Колбасьев не сдавался и в период с 1908 по 1910 год разработал три проекта подлодок – водоизмещением 110, 345 и 640 тонн, которые были в дальнейшем представлены на конкурсы Морского главного штаба. Не один из них утвержден не был.
«Петр Кошка» окончил свои дни где-то у пирса Килен-балки, выходящей в Севастопольскую бухту в ее глубине. В краеведческих книжках по истории города-героя есть упоминание, что лодка-неудачница служила пирсом для продажи с него устриц. И с этим фактом связан последний, севастопольский, период жизни Евгения Колбасьева.
Точно неизвестно, когда он вышел в отставку. Примерно в 1911 году это случилось – оказался он на берегу Севастопольской бухты в чине капитана 2-го ранга с правом ношения мундира.
Финансы и здоровье были изрядно подорваны. Надо было начинать все с чистого листа. Он изобретал подводную связь, подводный плавательный аппарат, и новое его занятие было также связано с подводным миром.
И снова на помощь пришла коммерческая жилка. Отставной моряк купил устричную ферму в районе Килен-балки и стал с этого жить. А что? И очень просто по тем временам.

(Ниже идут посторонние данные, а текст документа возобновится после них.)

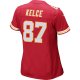 Women's Nike Travis Kelce Red Kansas City Chiefs Game Jersey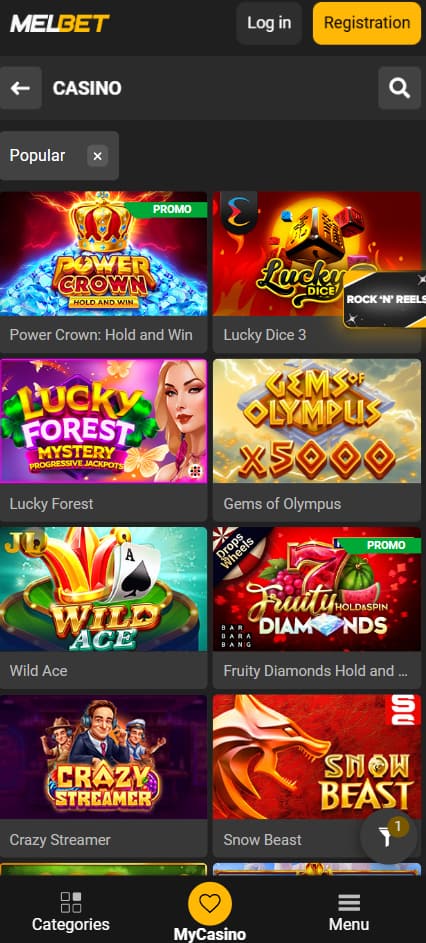 melbet casino app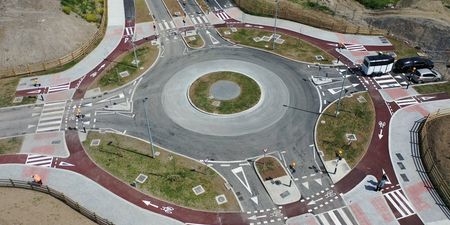 Ireland’s first cycle-friendly roundabout has been unveiled
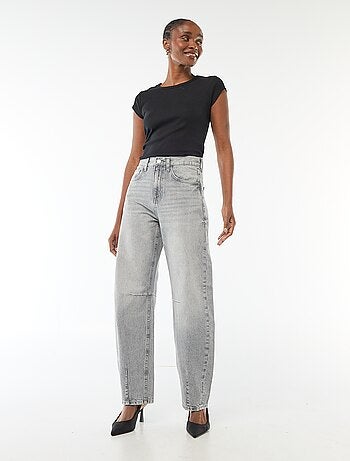 Pantaloni denim balloon in cotone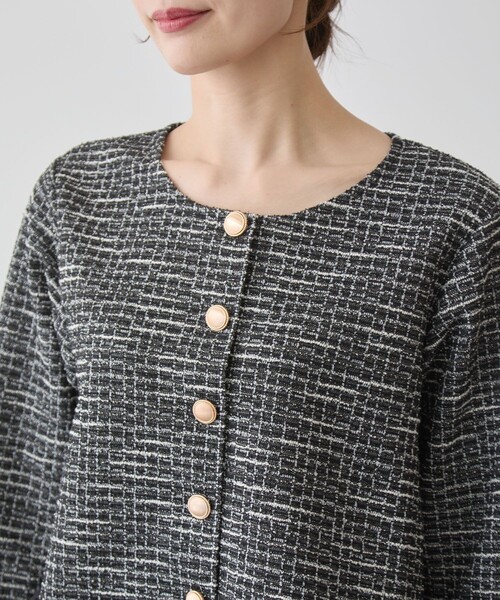 JAYRO（ジャイロ） カーディガン 裾フリルツイードジャケット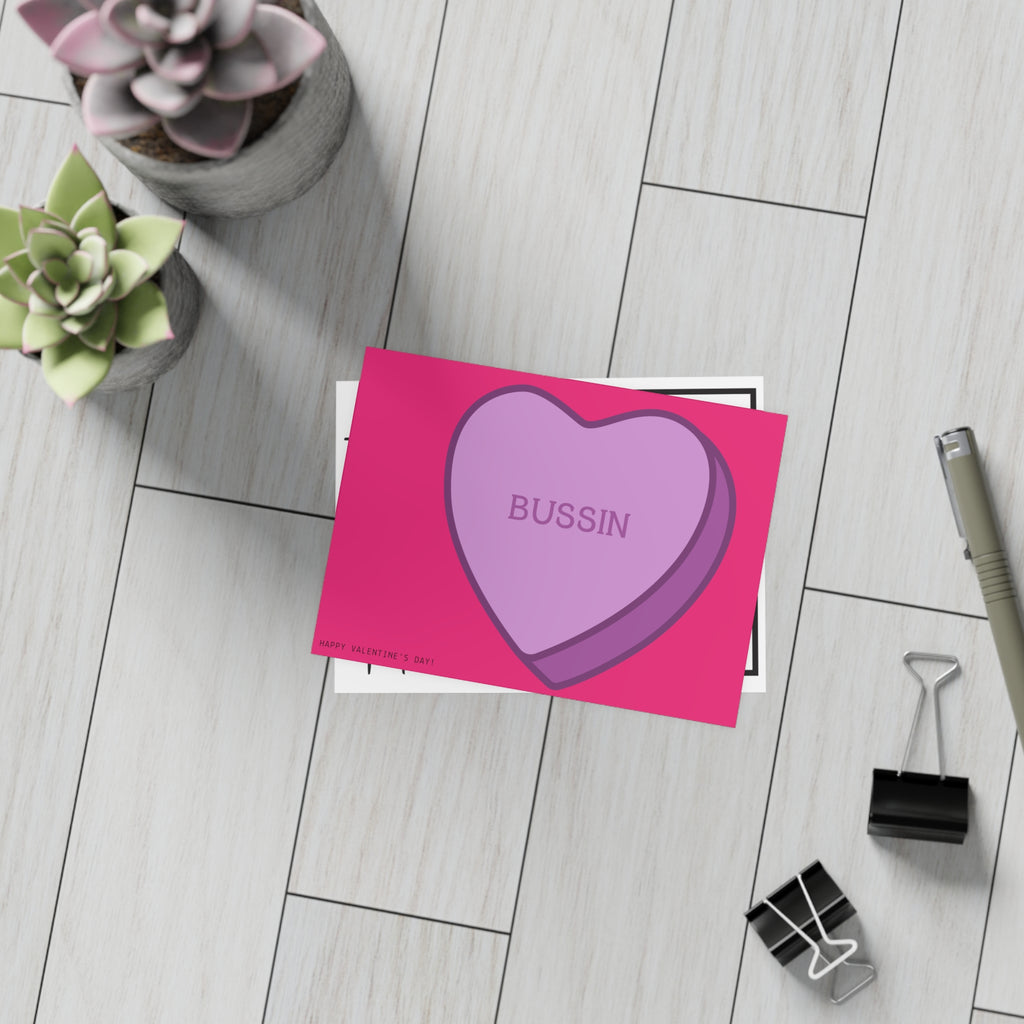Bussin Valentine's Day Card Packs Valentine's Student Card Bundles (envelopes included)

Сегодня мало кто знает, но Крым, и прежде всего Севастополь, были устричным раем старой России. Всего в империи продавалось в год около 10 миллионов устриц. Пятая часть приходилась на Севастополь и его окрестности.
Уже к концу XIX века в Севастопольской бухте было три завода по выращиванию устриц. Первый – в Южной бухте, второй находился возле городского парка в Ушаковой балке, на том месте, где сейчас находится водная станция, а третий – в бухте Голландия. Любопытный факт: памятник затопленным кораблям на Приморском бульваре поставлен был в 1905 году на старой, давно уже мертвой, устричной банке. На этом месте в XIX веке находился ресторан «Поплавок», где устриц посетителям подавали из специального бассейна, устроенного посреди зала.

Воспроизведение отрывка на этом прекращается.